#### Work to be completed
For this exercise, an exact copy is needed of only the lines from the one containing "Canada F-35 Lightning II Crests" through the end of the data, with pictures left out.
*** Begin section ***
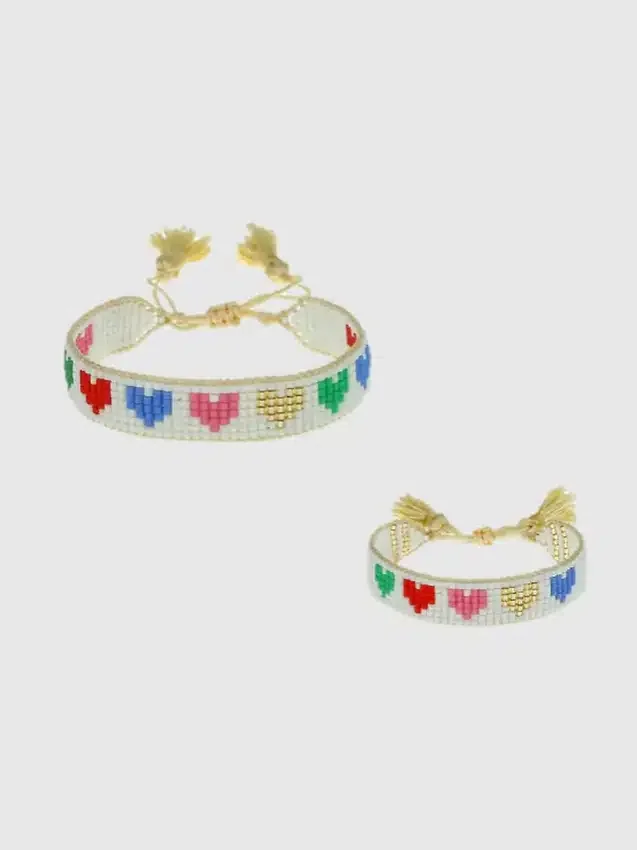 Hart Mini and Me Rainbow Hearts-armbandsset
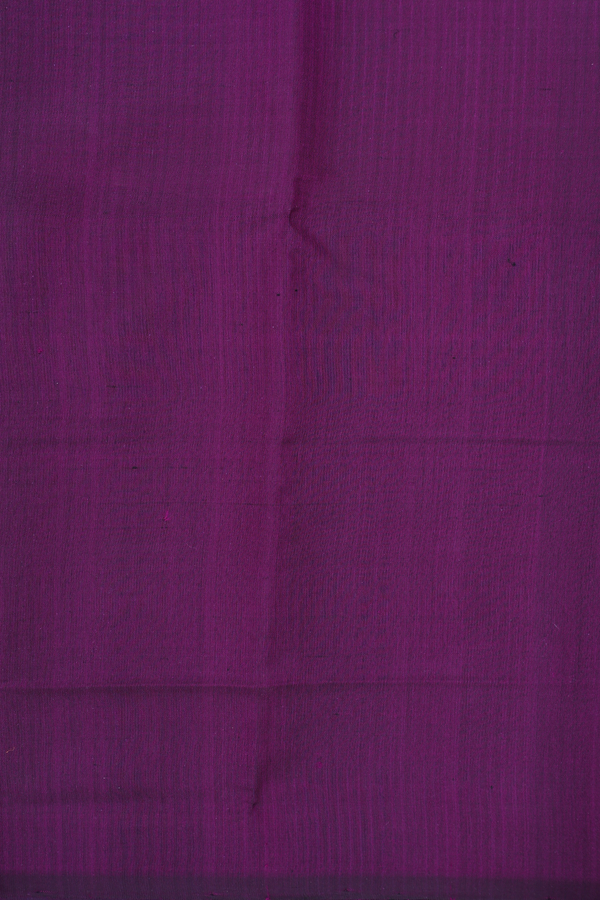 Patola Silk Saree In Deep Purple With Diamond Design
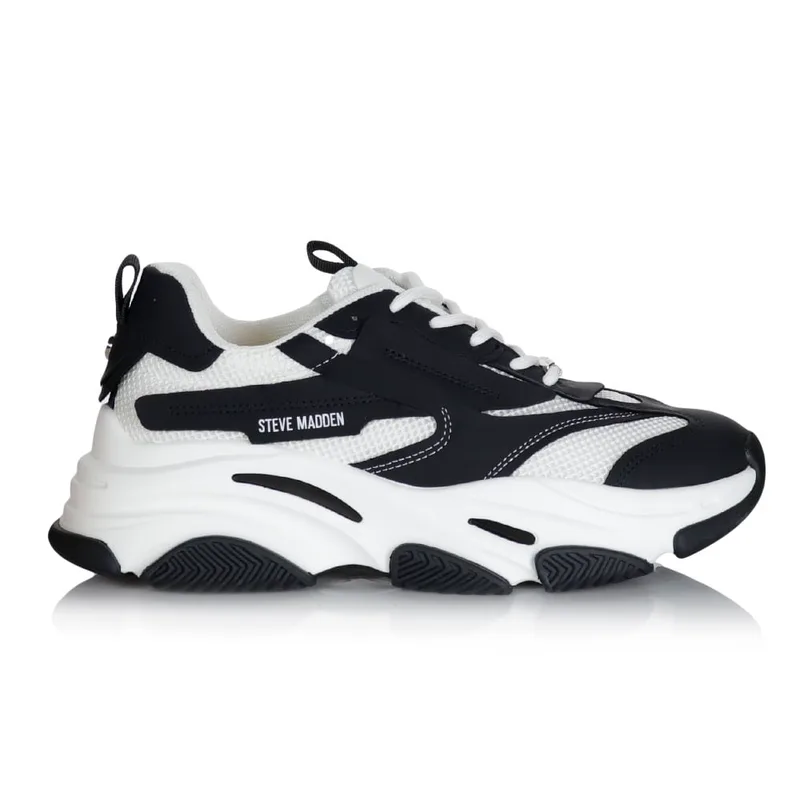 Ανδρικά Sneakers Steve Madden Possess SM12000480-034 Μαύρο Λευκό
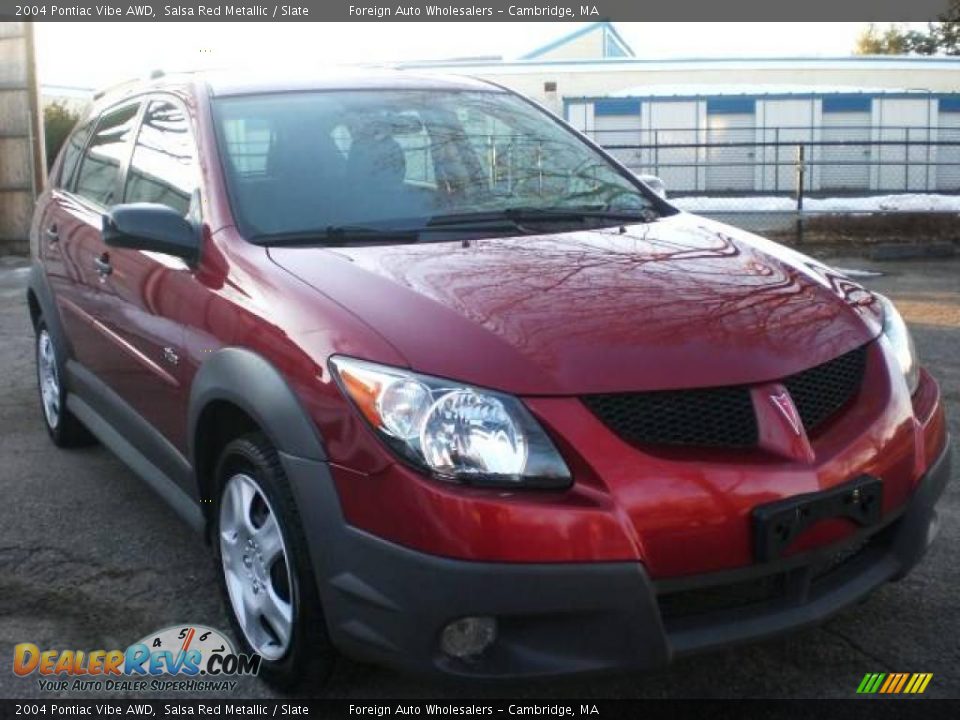 2004 Pontiac Vibe AWD Salsa Red Metallic / Slate Photo #20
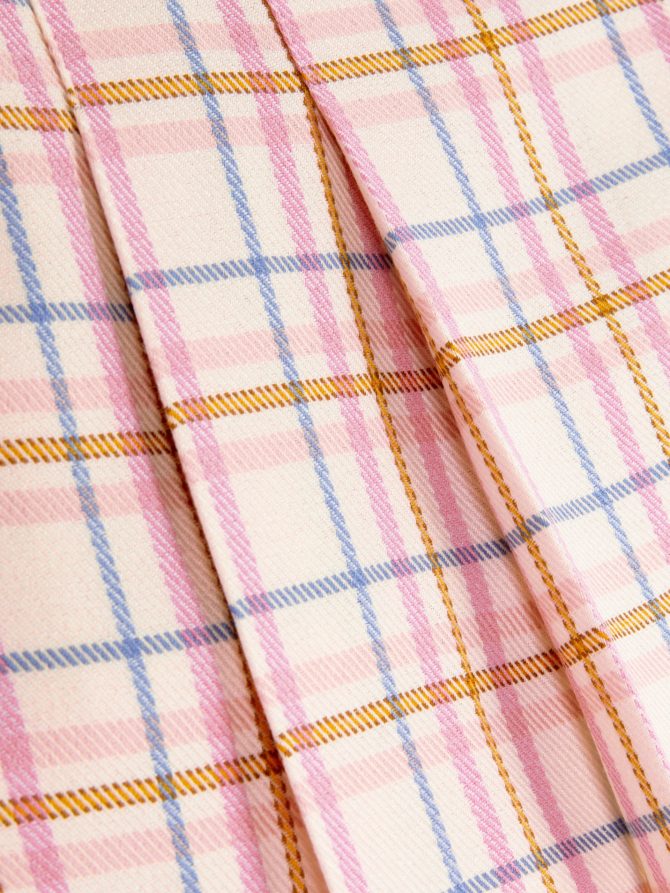 Checked Pleated Skirt - Image 4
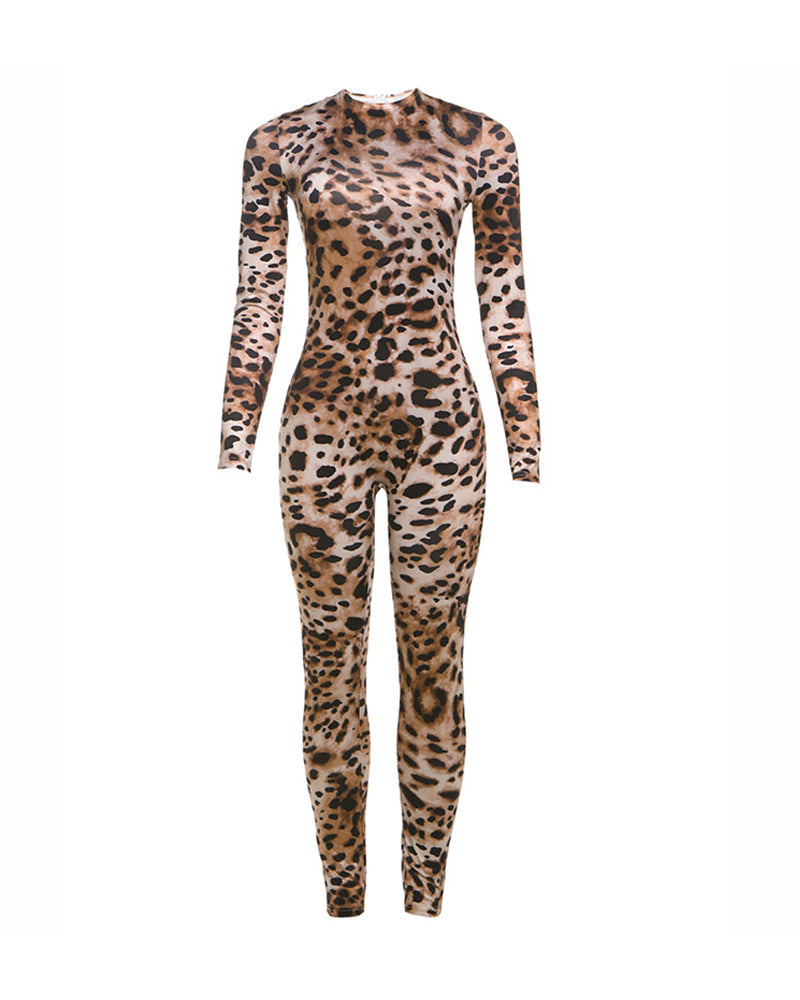 Leopard Print Jumpsuit
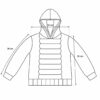 (110) Sweatshirt com Capuz Padrão Escamas - Azul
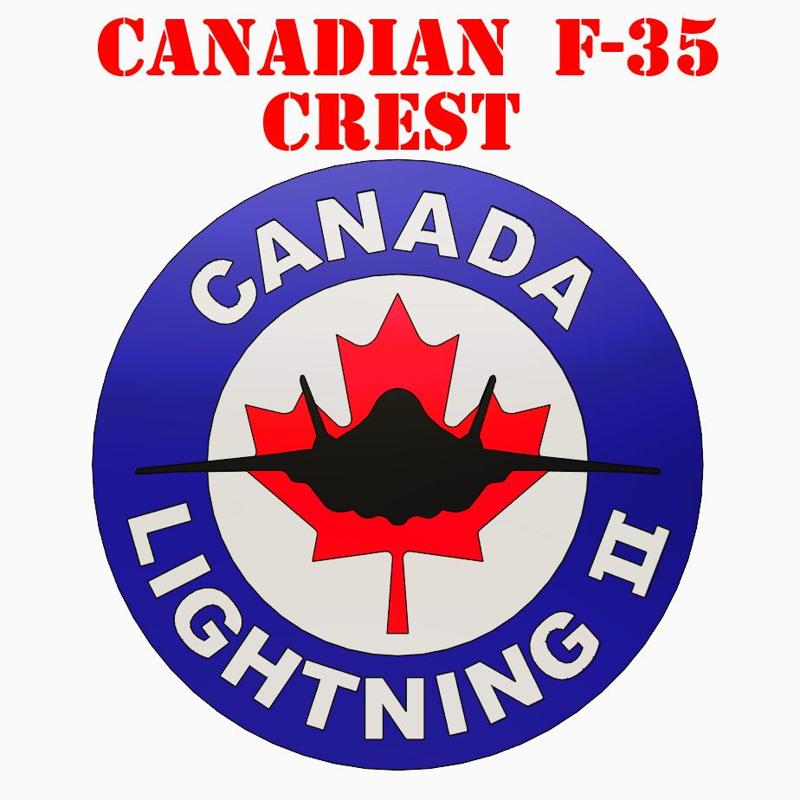 Canada F-35 Lightning II Crests
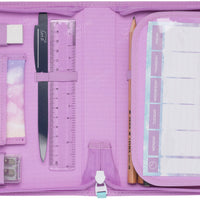 Single section pencil case with content, Unicorn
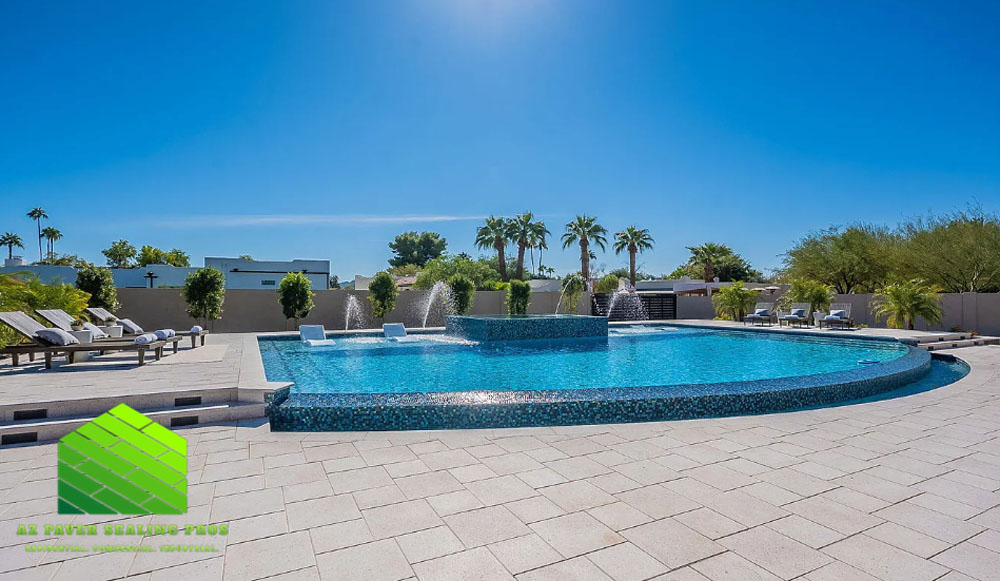 Pool Deck Paver Sealing Arizona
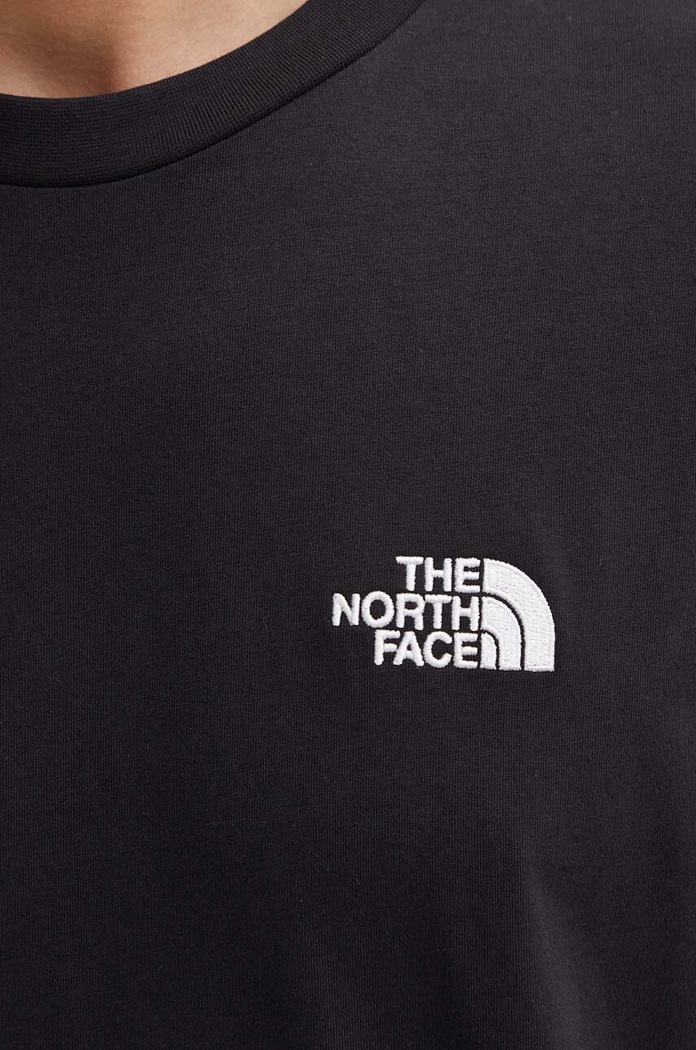 Памучна тениска The North Face M S/S Essential Oversize Tee NF0A87NRJK31 черен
*** End section ***
#### Solution to this problem
 Canada F-35 Lightning II Crests
 Single section pencil case with content, Unicorn
 Pool Deck Paver Sealing Arizona
 Памучна тениска The North Face M S/S Essential Oversize Tee NF0A87NRJK31 черен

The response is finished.